Causas e consequências da violência no esporte brasileiro

Enviada em 26/10/2021

O jogo final do campeonato da Libertadores da América teve um fim desastroso no ano de 2017. O jogo do Palmeiras contra Peñarol na capital Uruguaia acabou com a briga, o estopim foi um soco dado pelo jogador Felipe Melo em Matias Mier, a confusão alastrou-se para as arquibancadas que também registram focos de combate. Nesse contexto, a bestialidade no entreterimento esportivo se faz continuo no Brasil, fruto de um corportamento social que busca virilidade e, que em consequência tras inúmeros prejuizos sejam materiais ou morais.

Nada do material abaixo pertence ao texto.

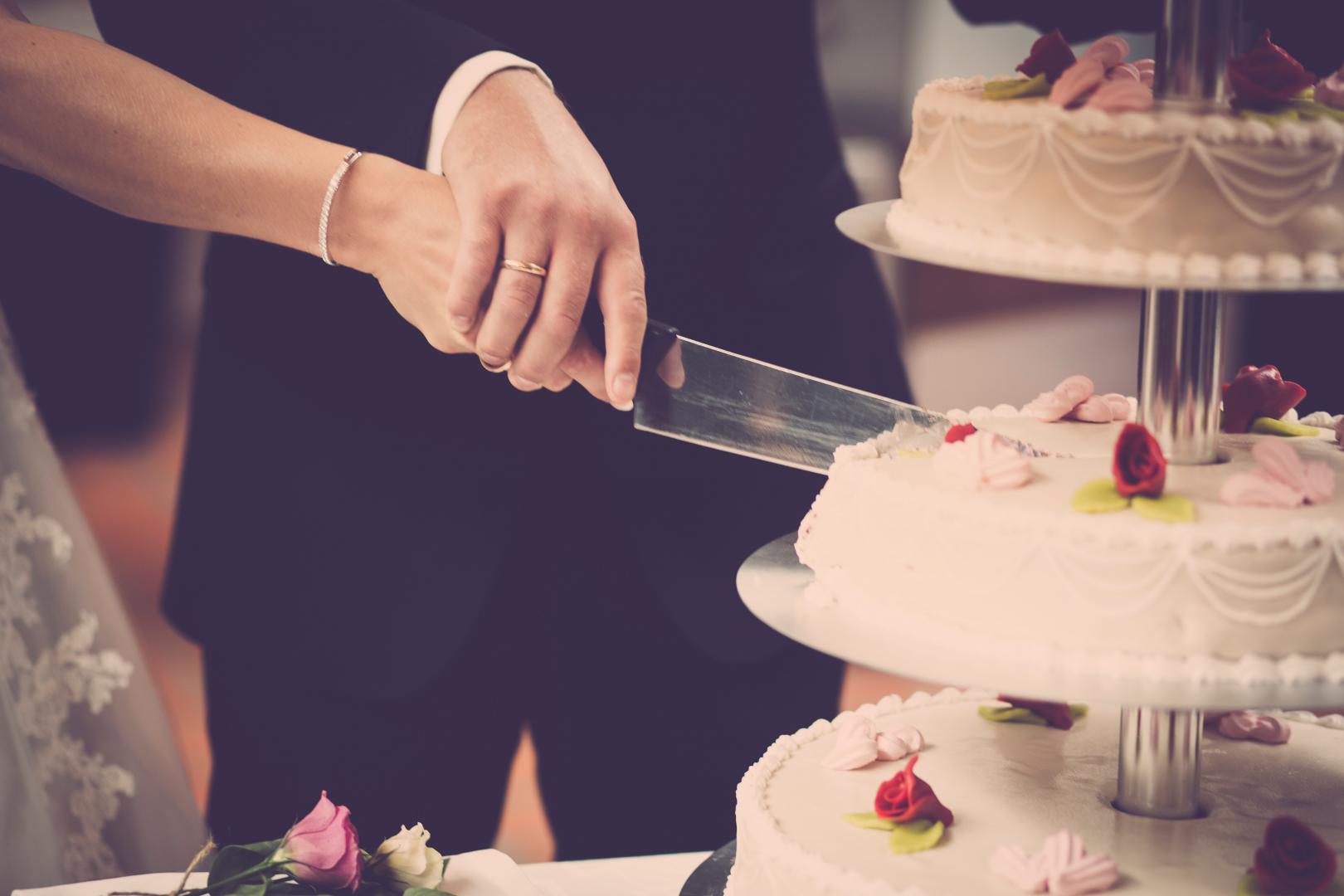 Les Gateaux De Mariage Le Naked Cake Vos Prestataires Pour Un Mariage Reussi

Primeiramente, é válido ressaltar que a construção social em torno da figura masculina está intrinsecamente ligada aos casos de violência em estádios esportivos. Isso se deve as falácias que homens devem ser fortes e agressivos para ter uma visão positiva na sociedade. Tal fato pode ser constatado no documentário ‘’A Máscara em que você vive’’ - disponível no serviço de ‘’streming’’ Netflix - que explora a supressão da sensibilidade como a idealização de masculinidade. Nesse sentido é possível atestar que, ao agir com agressividade contra o ‘’adversário’’, seja física ou moralmente, atingi-se o ideal machista de ser homem.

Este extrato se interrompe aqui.